OpenAI has partnered with Broadcom and Taiwan Semiconductor Manufacturing Company (TSMC) to develop its first custom AI chip, while adding AMD chips alongside its existing Nvidia infrastructure. The company examined various options to diversify chip supply and reduce costs, including an initial plan to build its own network of chip manufacturing foundries. That foundry plan got shelved due to extensive costs and time requirements.

The global AI chip market sits at $14.9 billion as of 2022 and will reach $383.7 billion by 2032, according to allied market research. Nvidia holds 80% of current market share. OpenAI CEO Sam Altman explained that by collaborating with industry leaders like Broadcom and TSMC, OpenAI aims to accelerate its AI development and ensure a more resilient supply chain.

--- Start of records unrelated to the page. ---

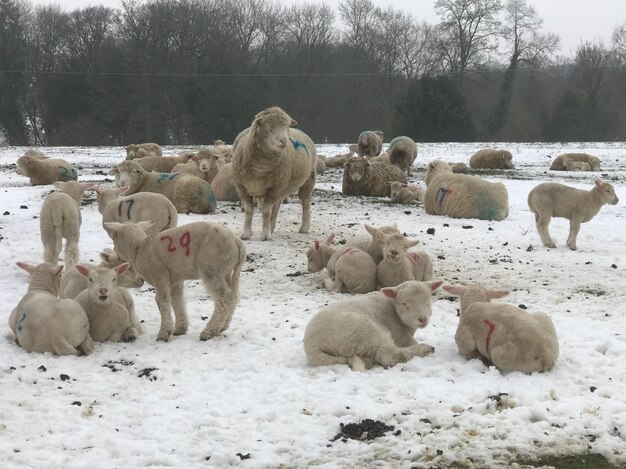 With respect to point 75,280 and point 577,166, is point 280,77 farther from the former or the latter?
point 75,280

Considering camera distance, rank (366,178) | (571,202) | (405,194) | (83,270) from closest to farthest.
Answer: (83,270)
(571,202)
(405,194)
(366,178)

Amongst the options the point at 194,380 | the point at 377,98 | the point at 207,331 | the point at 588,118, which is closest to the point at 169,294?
the point at 207,331

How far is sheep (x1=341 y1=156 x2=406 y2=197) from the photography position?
16172 millimetres

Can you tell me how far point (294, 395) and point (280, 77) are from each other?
48.7m

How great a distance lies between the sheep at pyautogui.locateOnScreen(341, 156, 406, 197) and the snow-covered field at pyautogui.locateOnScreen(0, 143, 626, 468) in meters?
7.92

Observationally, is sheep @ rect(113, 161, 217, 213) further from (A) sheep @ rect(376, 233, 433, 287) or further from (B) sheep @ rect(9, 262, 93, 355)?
(B) sheep @ rect(9, 262, 93, 355)

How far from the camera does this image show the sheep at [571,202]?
10.1 meters

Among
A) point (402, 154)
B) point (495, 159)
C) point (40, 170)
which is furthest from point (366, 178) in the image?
point (495, 159)

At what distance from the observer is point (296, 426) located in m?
4.38

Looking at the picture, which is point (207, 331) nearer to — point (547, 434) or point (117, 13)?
point (547, 434)

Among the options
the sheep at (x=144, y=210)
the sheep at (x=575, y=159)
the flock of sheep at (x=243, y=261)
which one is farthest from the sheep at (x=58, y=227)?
the sheep at (x=575, y=159)

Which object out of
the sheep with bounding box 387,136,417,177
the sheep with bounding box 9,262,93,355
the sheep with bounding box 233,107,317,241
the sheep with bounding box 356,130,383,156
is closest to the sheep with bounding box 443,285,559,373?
the sheep with bounding box 9,262,93,355

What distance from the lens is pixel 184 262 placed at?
6141 mm

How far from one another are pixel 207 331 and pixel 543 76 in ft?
197
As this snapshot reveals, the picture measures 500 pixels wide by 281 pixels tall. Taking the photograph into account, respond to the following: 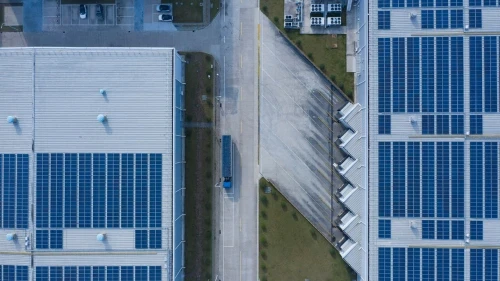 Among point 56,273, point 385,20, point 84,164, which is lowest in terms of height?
point 56,273

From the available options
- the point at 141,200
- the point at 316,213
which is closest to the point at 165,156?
the point at 141,200

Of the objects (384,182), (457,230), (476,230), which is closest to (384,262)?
(457,230)

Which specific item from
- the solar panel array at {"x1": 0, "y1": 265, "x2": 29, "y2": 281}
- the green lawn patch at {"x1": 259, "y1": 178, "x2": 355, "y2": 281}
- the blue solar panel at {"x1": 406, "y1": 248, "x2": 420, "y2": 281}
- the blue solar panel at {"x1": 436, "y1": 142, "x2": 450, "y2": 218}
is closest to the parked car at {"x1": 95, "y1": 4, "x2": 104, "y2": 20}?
the green lawn patch at {"x1": 259, "y1": 178, "x2": 355, "y2": 281}

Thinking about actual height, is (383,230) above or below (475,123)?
below

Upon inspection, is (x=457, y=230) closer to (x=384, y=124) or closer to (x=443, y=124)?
(x=443, y=124)

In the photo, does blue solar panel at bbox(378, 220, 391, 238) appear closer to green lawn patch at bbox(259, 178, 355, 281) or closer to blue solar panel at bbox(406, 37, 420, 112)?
green lawn patch at bbox(259, 178, 355, 281)

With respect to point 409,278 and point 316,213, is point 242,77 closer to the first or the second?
point 316,213

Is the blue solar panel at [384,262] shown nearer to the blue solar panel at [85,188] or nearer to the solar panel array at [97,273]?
the solar panel array at [97,273]

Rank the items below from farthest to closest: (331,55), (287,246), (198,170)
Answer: (198,170)
(287,246)
(331,55) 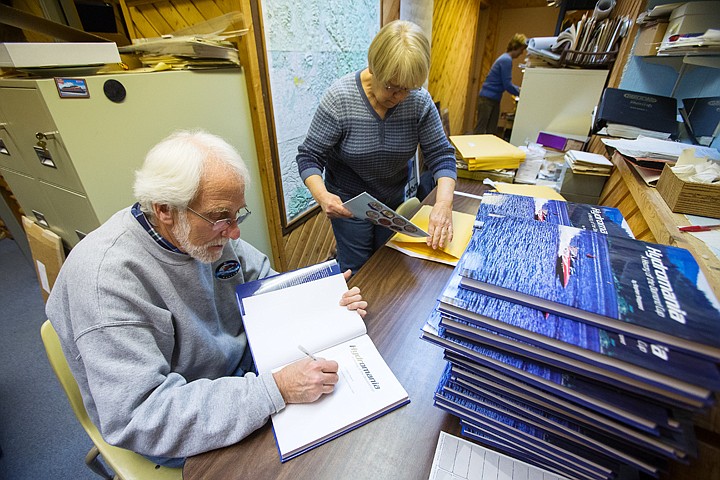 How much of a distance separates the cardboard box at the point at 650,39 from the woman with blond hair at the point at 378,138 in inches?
36.9

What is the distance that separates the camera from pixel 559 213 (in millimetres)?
912

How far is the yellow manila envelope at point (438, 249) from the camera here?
114 centimetres

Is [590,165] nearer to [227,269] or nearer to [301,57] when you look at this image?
[227,269]

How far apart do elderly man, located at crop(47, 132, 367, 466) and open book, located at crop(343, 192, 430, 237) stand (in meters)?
0.31

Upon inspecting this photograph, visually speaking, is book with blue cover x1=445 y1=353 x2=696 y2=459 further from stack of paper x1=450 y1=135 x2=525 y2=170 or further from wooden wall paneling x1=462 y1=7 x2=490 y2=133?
wooden wall paneling x1=462 y1=7 x2=490 y2=133

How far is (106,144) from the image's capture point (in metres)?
1.34

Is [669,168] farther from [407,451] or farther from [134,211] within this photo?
[134,211]

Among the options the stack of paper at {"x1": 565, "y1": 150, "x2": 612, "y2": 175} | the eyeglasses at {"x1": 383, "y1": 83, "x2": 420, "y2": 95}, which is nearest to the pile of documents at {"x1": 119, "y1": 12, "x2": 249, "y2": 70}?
the eyeglasses at {"x1": 383, "y1": 83, "x2": 420, "y2": 95}

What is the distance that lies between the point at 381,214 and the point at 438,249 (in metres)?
0.25

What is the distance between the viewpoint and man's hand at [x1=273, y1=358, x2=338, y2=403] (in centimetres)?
67

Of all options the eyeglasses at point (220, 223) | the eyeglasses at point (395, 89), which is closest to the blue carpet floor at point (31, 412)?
the eyeglasses at point (220, 223)

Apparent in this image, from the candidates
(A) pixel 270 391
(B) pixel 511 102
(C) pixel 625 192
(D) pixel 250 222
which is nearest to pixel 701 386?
(A) pixel 270 391

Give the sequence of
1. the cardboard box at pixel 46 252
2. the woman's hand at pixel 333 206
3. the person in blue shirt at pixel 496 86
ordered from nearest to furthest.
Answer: the woman's hand at pixel 333 206, the cardboard box at pixel 46 252, the person in blue shirt at pixel 496 86

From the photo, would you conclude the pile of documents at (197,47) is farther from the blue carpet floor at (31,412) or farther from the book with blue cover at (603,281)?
the blue carpet floor at (31,412) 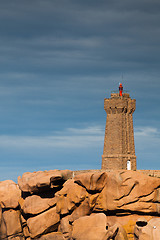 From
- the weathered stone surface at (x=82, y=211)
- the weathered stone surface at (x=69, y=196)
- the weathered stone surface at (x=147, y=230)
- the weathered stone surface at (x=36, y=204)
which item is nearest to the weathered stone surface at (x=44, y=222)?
the weathered stone surface at (x=36, y=204)

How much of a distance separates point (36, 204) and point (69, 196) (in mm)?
5468

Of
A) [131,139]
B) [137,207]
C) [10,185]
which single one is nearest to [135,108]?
[131,139]

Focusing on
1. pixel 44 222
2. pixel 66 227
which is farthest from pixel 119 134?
pixel 66 227

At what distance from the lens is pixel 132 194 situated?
53.0m

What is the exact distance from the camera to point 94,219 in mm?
51875

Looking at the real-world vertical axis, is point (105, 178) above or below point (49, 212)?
above

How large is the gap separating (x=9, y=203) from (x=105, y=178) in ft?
56.8

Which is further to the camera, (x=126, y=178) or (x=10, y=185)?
(x=10, y=185)

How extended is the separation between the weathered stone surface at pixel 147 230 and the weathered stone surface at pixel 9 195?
21.3 m

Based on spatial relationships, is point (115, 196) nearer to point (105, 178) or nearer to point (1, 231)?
point (105, 178)

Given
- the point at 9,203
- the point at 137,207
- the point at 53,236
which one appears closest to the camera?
the point at 137,207

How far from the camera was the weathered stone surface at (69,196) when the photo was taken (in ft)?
183

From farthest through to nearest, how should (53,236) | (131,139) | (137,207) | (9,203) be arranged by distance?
(131,139)
(9,203)
(53,236)
(137,207)

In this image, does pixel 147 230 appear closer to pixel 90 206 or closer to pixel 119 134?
pixel 90 206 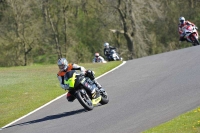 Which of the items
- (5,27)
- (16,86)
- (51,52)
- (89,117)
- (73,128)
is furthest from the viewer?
(51,52)

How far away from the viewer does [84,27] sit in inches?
2135

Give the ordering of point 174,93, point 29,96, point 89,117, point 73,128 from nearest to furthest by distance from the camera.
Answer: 1. point 73,128
2. point 89,117
3. point 174,93
4. point 29,96

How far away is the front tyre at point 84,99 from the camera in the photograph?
1441 centimetres

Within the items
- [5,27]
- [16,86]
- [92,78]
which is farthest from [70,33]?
[92,78]

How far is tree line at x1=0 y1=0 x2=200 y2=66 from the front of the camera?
47.2 meters

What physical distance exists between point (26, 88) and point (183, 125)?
1341 centimetres

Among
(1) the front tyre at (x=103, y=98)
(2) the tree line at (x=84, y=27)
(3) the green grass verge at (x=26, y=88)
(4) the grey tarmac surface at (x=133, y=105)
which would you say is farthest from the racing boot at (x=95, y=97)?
(2) the tree line at (x=84, y=27)

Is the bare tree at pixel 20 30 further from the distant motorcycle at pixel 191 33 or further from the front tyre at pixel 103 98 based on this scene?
the front tyre at pixel 103 98

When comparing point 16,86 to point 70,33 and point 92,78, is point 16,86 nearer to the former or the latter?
point 92,78

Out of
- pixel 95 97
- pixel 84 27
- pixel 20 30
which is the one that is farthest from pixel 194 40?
pixel 84 27

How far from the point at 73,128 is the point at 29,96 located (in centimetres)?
796

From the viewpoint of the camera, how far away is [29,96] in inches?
806

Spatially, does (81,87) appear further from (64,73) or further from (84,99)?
(64,73)

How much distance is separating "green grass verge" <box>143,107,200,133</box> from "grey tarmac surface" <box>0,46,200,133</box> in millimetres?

A team of 20 engineers now works on the chip project at OpenAI, including Thomas Norrie and Richard Ho, who previously built Tensor Processing Units at Google. Through the Broadcom partnership, OpenAI has locked in manufacturing capacity at TSMC, aiming for first chip production in 2026, though sources note this timeline might shift.

The numbers tell a clear story about why OpenAI needs this move. The company projects $5 billion in losses this year against $3.7 billion in revenue. Computing costs eat up the largest portion of expenses. The market responded immediately to the news – Broadcom shares increased 4.5% while AMD gained 3.7%.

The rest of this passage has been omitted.